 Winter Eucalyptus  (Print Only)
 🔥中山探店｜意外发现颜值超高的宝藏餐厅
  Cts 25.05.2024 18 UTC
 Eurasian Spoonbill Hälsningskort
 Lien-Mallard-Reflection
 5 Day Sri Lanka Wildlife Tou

##########

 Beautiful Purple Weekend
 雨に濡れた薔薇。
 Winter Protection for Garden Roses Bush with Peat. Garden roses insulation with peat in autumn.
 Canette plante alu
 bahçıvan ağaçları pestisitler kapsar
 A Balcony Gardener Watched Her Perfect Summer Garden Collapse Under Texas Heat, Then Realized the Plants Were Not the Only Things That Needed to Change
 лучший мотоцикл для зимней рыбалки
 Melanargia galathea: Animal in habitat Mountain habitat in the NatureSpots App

##########

Which lines of the data contain the string "Only"? Copy each of them.

- [Result]:
 Winter Eucalyptus  (Print Only)
 A Balcony Gardener Watched Her Perfect Summer Garden Collapse Under Texas Heat, Then Realized the Plants Were Not the Only Things That Needed to Change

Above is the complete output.